> Your assignment
Range to copy from the entries below: the line containing "GORILLA GRIP Queen" through the line containing "Fruit of the", inclusive. Retype only those lines, exactly, without any images.

> Data for analysis

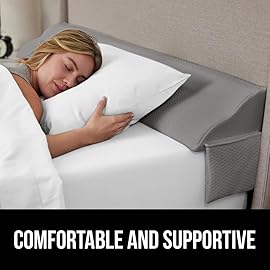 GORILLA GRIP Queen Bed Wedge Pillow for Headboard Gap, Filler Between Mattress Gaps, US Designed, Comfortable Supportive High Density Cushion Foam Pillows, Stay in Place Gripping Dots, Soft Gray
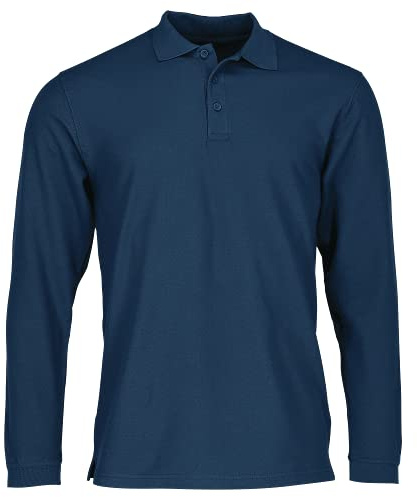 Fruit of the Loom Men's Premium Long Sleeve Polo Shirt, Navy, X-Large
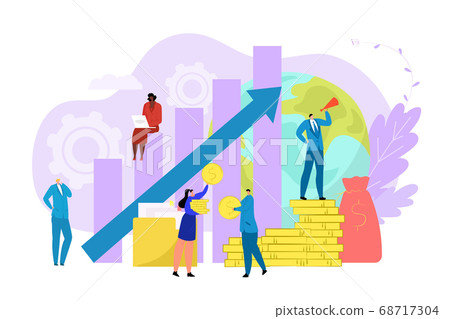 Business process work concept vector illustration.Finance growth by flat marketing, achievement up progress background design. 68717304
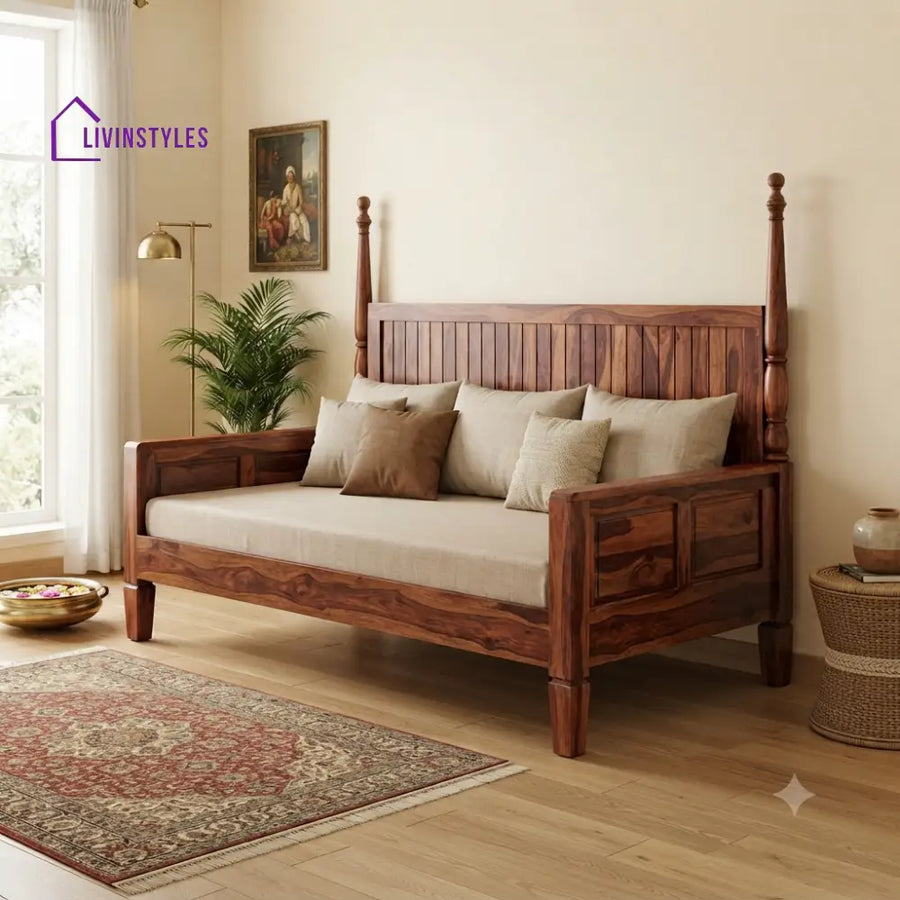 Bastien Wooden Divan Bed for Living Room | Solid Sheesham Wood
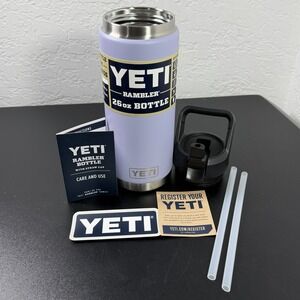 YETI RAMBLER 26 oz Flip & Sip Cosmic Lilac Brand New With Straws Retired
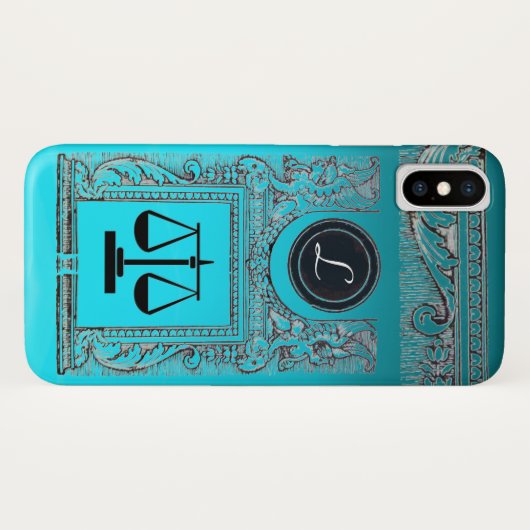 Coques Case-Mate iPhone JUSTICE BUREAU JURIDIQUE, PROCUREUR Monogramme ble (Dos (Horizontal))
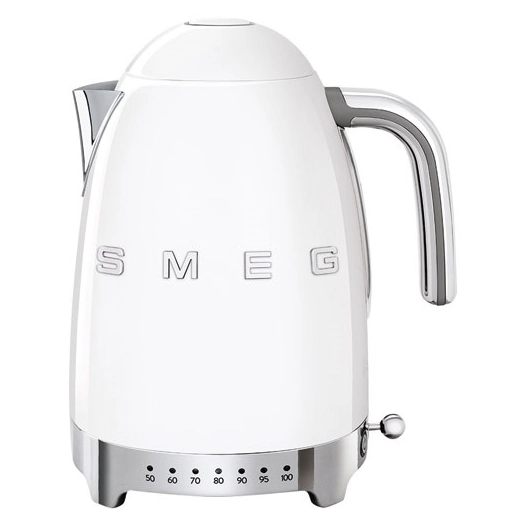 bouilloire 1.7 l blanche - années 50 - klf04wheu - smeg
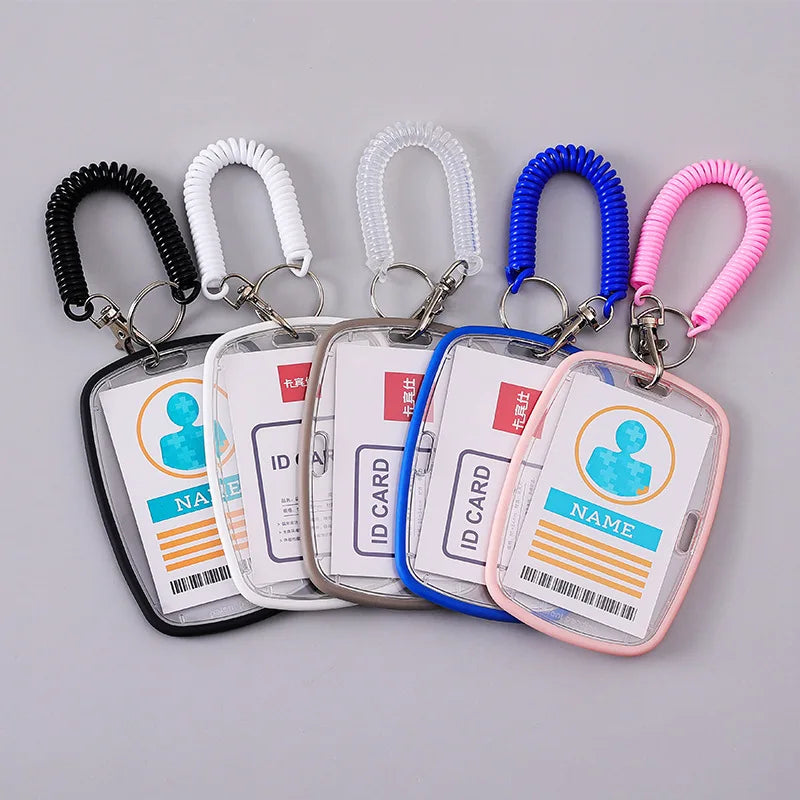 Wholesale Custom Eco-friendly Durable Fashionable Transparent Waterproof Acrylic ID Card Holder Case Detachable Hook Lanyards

...

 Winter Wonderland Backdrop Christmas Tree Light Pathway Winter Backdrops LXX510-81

...

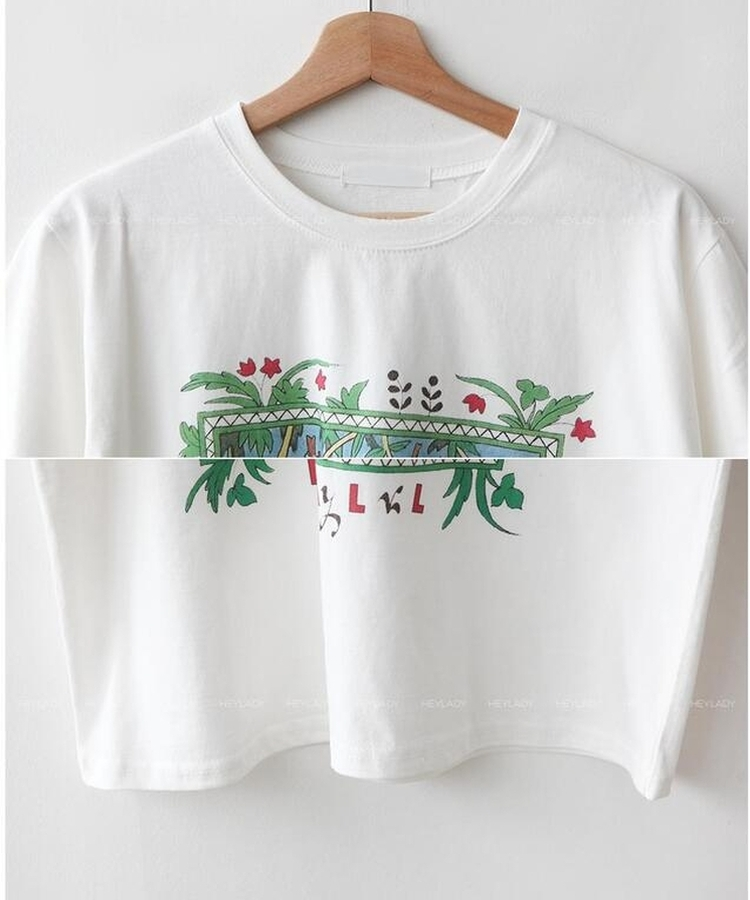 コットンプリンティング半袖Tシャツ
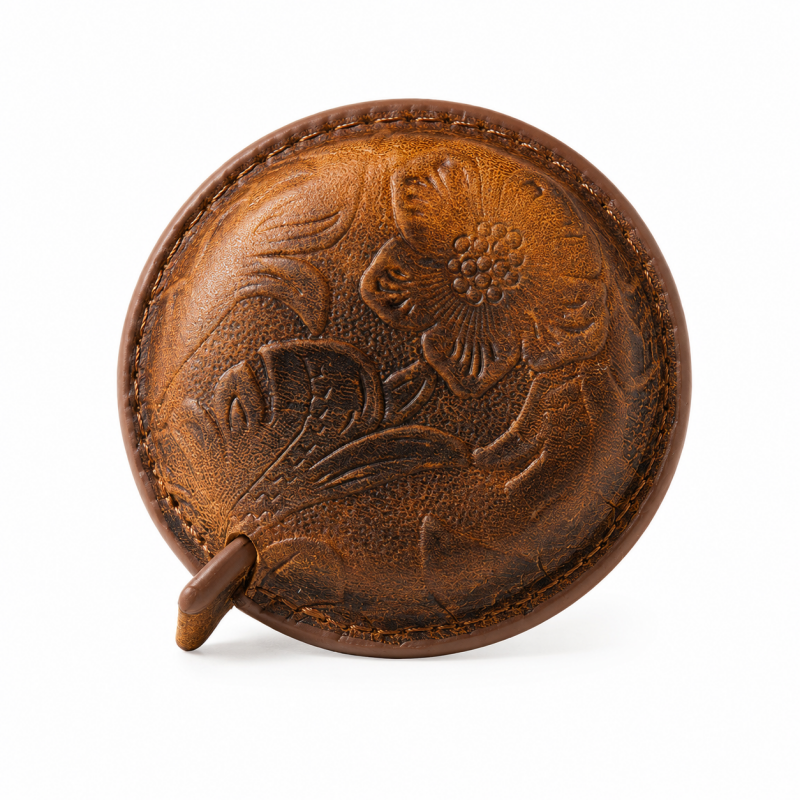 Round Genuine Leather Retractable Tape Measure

> Your solution
 GORILLA GRIP Queen Bed Wedge Pillow for Headboard Gap, Filler Between Mattress Gaps, US Designed, Comfortable Supportive High Density Cushion Foam Pillows, Stay in Place Gripping Dots, Soft Gray
 Fruit of the Loom Men's Premium Long Sleeve Polo Shirt, Navy, X-Large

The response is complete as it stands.